Instructions for the task: Nothing but the lines from the one with "Imagem 15: Casa" through the end of the material should be retyped, word for word and without pictures.

Available data:
----------------

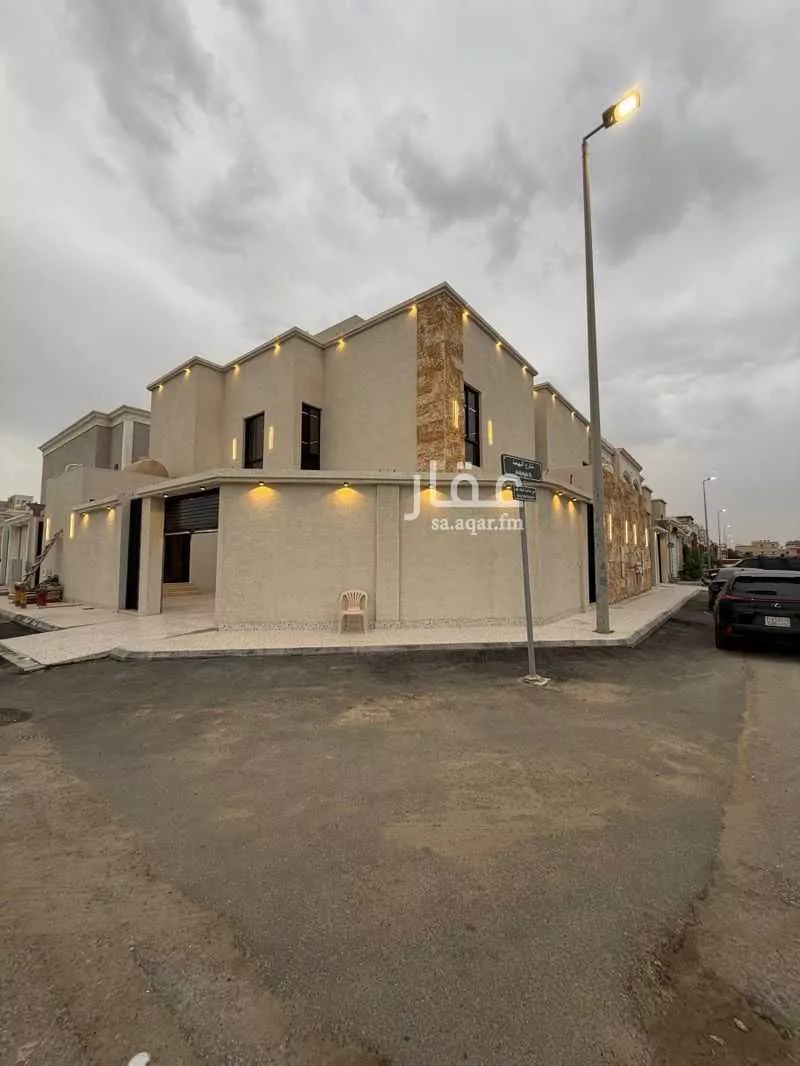 فيلا 7 غرف في ضاحية الملك فهد 2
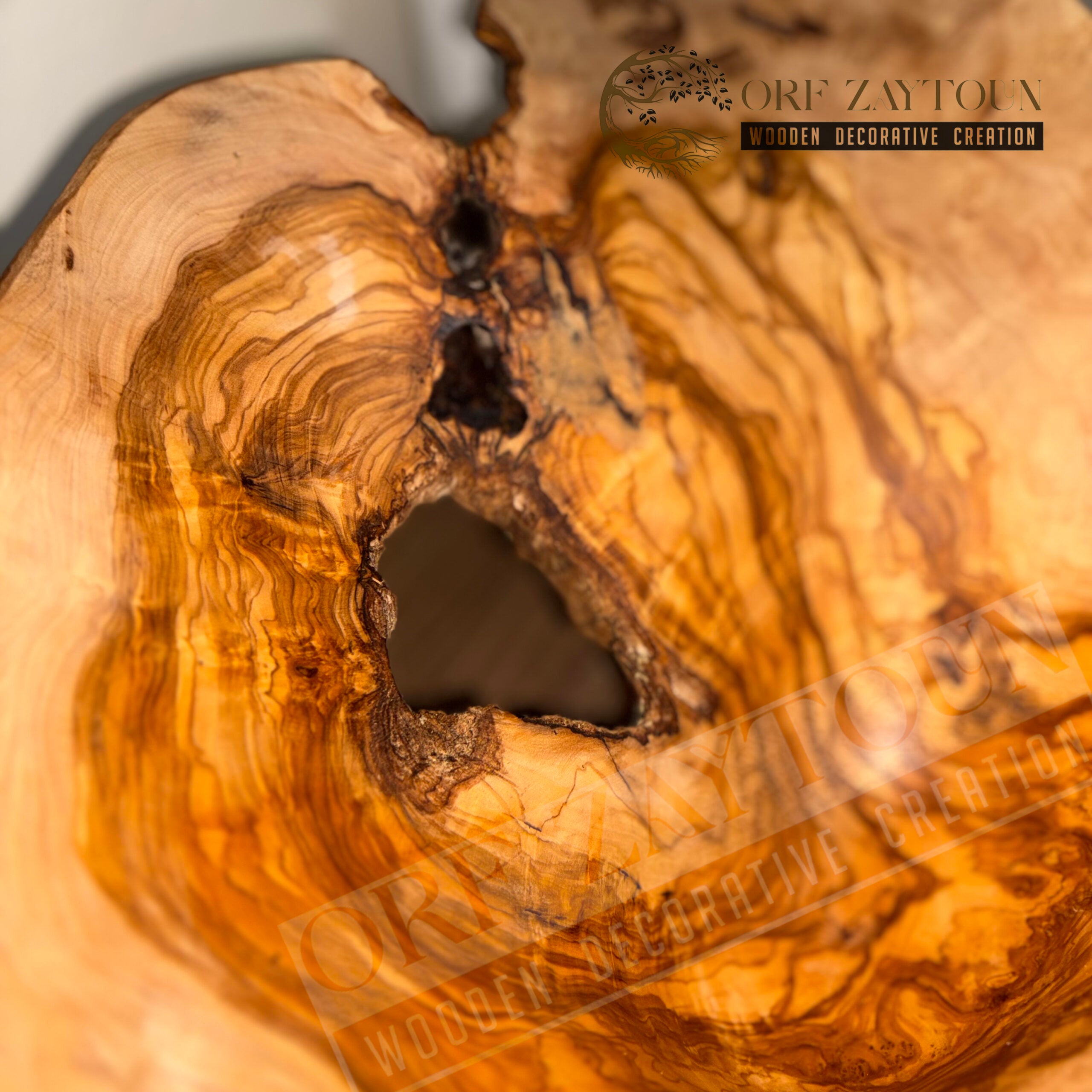 Corbeille bois artisanale en olivier design unique et élégant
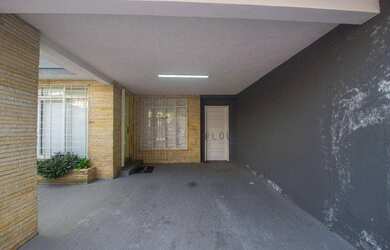 Imagem 15: Casa Comercial para Locação na saúde 177m², 10 Salas e 03 Vagas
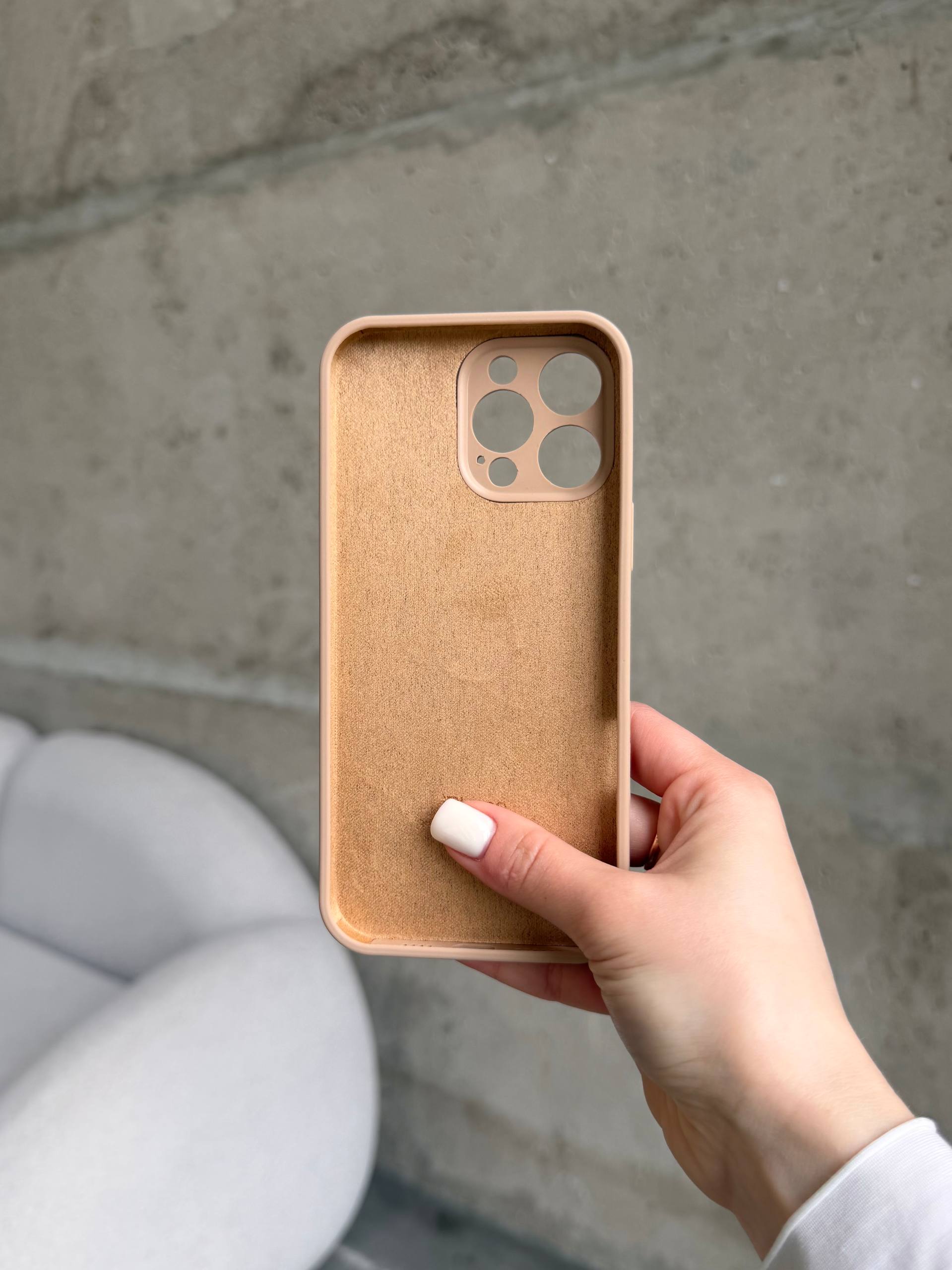 Чехол Silicone case с закрытой камерой на iPhone 16 Pro Desert #62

----------------

Written solution:
 Imagem 15: Casa Comercial para Locação na saúde 177m², 10 Salas e 03 Vagas
 Чехол Silicone case с закрытой камерой на iPhone 16 Pro Desert #62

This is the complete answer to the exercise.